# want to borrow: kochi migaki 240 gyuto



## panda

i'm very interested in trying out a kochi blue #2, could offer a rehandled shigefusa kasumi 240 as an exchange loaner.


----------



## Gravy Power

Give me a couple of weeks and we may be able to work something out. A few months back i picked up a Migaki from Dave. I love it, but wouln't mind giving a shig a run. I need to send it in to Jon to have a minor nic on the tip taken care of.


----------



## panda

sounds good, let me know when you're ready.


----------



## Gravy Power

We are off and running with this exchange. As I've stated before, I'm pretty novice with nives of this calibur, I know enough to know how much better it is than the standard, store-bought kitchen fare. So I'll try to give a legit review. I'm guessing Panda will do the same.


----------



## panda

fyi, handle has not been swapped out, had a new one ready, but decided last minute to keep it stock.


----------



## panda

got it today, kochi has really really nice fit & finish, balance is perfect and the handle is pretty sweet, first time trying a burnt chestnut one. love the highly asymmetric grind with lots of convexity on right face and lightly convex on bottom half of left face. i didn't think i would enjoy that type of grind, it works well on this one. surprised by how light it is. has a bit of a belly though which i don't care for. ive only used it lightly and already have a feeling i'm going to end up wanting one for myself.


----------



## panda

opened it up a little bit and i swear the profile is flatter now, weird but turned out to be a positive. sharpening it was a bit more difficult than i was expecting, the heat treat made it tough i suppose or the cladding is just stubborn?

took on a very cool electric blue patina from processing raw chicken breasts. 

the geometry of this blade aides in very straight cutting, this is the least amount of 'steering' i've encountered in a knife. 

while the handle felt good while dry, once it got water on it it feels a bit odd, not slippery but a funny texture for sure, didnt care for it.

lost off the stone edge rapidly, but is keeping a usable edge steadily. 

i'm still shocked on how it's so light as the stock is on the thicker side, the grind must have removed most of the metal.


----------



## Gravy Power

On my end, just played around with the shig at home a little. Fit and finish, as well as knife balance were amazing. Panda did some really nice things with the patina and acid etching. The edge wasn't 100% when I got it, and i'm not comfortable sharpening knives of this value when the don't belong to me, so it just got some light work and that was it. 

Also, I guess I'm not sure what a "kasumi" is., but the knife was short compared to what I expected, which was a taller gyuto. It was also a little thicker on the spine than I had pictued. Maybe that'd due to the fact that is is a kasumi? I was skeptical on the large D shaped handles that I'd seen in shig photos, but I warmed up to it. quite well. 

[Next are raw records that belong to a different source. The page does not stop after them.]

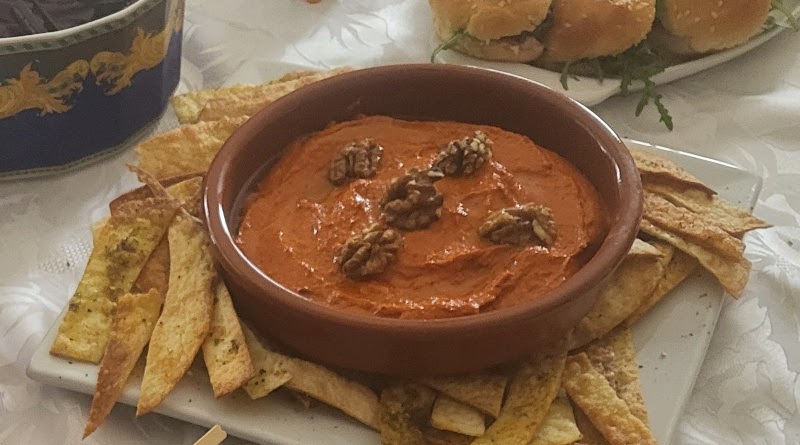 Muhammara - dip syrien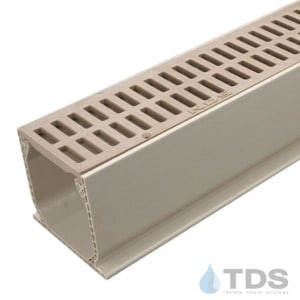 NDS Slotted Poly Grate with Sand Mini Channel MCKS-543
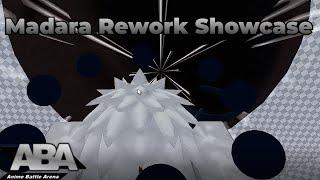 (ABA) Madara REWORK Showcase!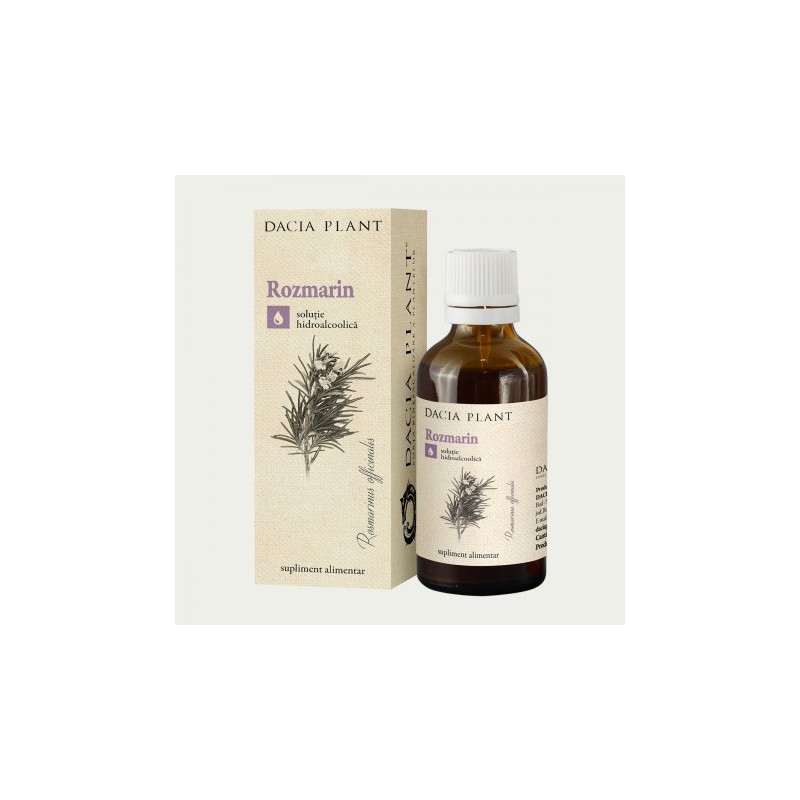 Rozmarin Tinctura 50ml DACIA PLANT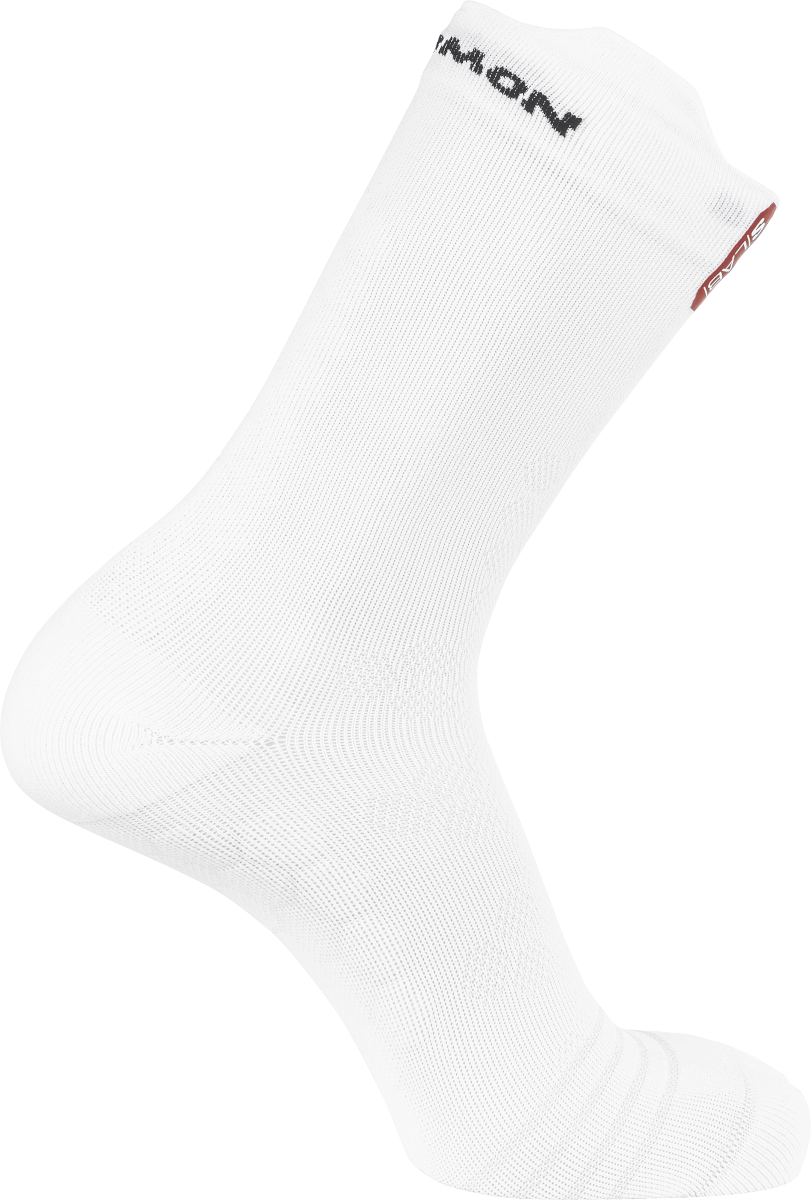 Čarape Salomon S/LAB Glide Crew Socks Bijela | lc2625400, 0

Overall a great blade, would love to see it in action an a cutter when it's at potential. Also, Panda, was that a custom saya or did it come with the knife? Either way it's an awesome fit for the blade. I've only had only other knife that came with it's own saya, and the fit of this one was leaps and bounds better.

It's off to Labor of Love for the tome being, and I'll be interested to hear his takes on a knife and how they compared to mine, since I recently handled it. I know he's an experienced sharpener and will want to touch up the edege a bit.

Thanks to Panda for taking part, I love the trust, as well as knowledge and knife bank we have in this community.


----------



## panda

I did some initial work on it, but it was only half complete, and also maybe the etching degraded the edge, sorry I should have sharpened it prior to sending it over so you could see what it was capable of.
I think a lot of metal had previously been removed without thinning hence not really tall, its probably around 50mm. 

I am not sure of the saya, came with it when i bought it second hand. I'm not a fan of sayas actually and use felt lined knife guards when in my kit.

In light of this opportunity to swap knives for a bit, I ended up purchasing a migaki. . Love this forum.


----------